Reuters conducted its own survey, contacting all 50 states but obtaining data for the 2005-to-2010 period from only 32 of them, accounting for about two-thirds of the U.S. veteran population. In those states, veteran suicides increased from 4,801 to 5,017 over a five-year period in which, the VA believes, the U.S. veteran population declined slightly.

While the data is imperfect — the VA estimates the reliability of such figures at 78 percent to 90 percent — the department said the numbers appeared broadly consistent with trends it has observed.

Shinseki told Reuters in an interview that the problem of veteran suicide appeared to be linked to a broader question about mental health in the United States. He pointed to data showing suicide is the second-biggest cause of death for people ages 25 to 34 and the fourth-biggest cause for people 35 to 54.

“We got a problem. Is mental health an issue in this country? Nobody talks about it,” Shinseki said.
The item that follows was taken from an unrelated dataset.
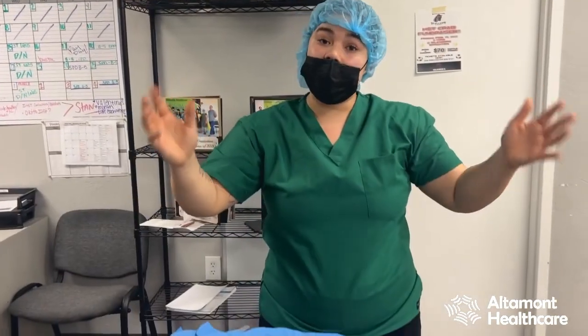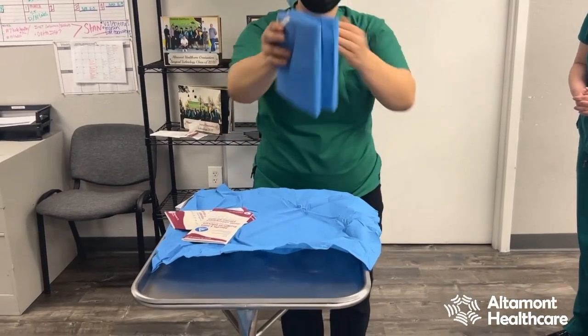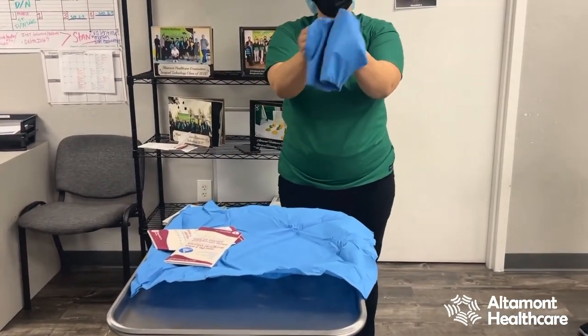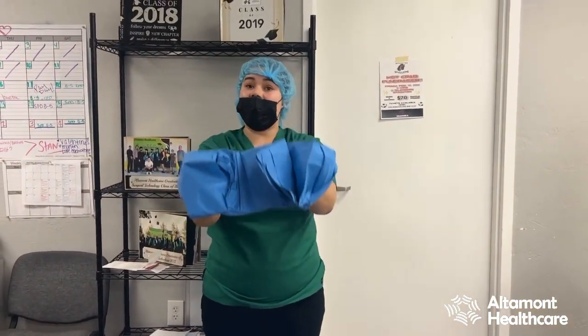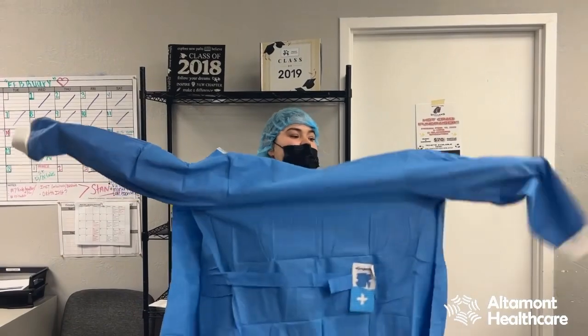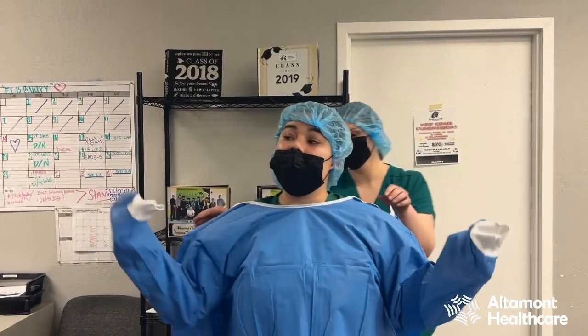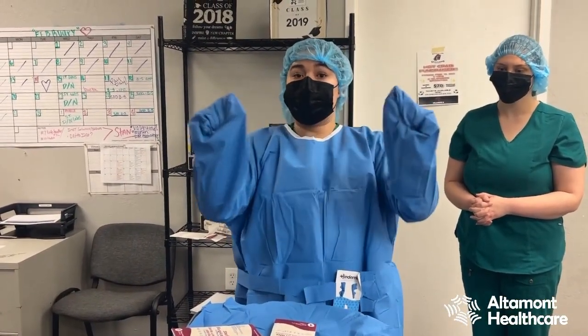I'm going to come up to my field and grab my gown. You want to look at your area making sure you're not going to hit anything once you put your gown on. Now I'll be waiting for my circulator or whoever is in the room to tie me. I'm cuffing my whites so you can only see the blue.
A copy of the July 29, 2009, VA letter to Ecker reviewed by Reuters denied him an increase in his disability benefits from the $974 he was already receiving, citing “over-reporting (of) both mood disturbance and impaired memory difficulty.”

“Mr. Ecker’s death is a tragic outcome. Our deepest sympathy goes out to his family and loved ones,” the VA said in response to Reuters inquiries. “Experience has shown that access to quality mental health services from VA can make a positive difference in the lives of veterans and their families.”

Matt Ecker wonders daily whether his son’s suicide could have been prevented had he received better treatment or found a job he could keep in his condition. Frustrated with the system, his son had declined treatment from the VA and had turned to a local doctor. He also wonders whether Michael might have done better if he had reenlisted. Going to war was risky. But, in Michael’s case, so was coming home.

“It’s just as dangerous, as it turns out, out here — because of the lack of jobs, lack of everything,” he said.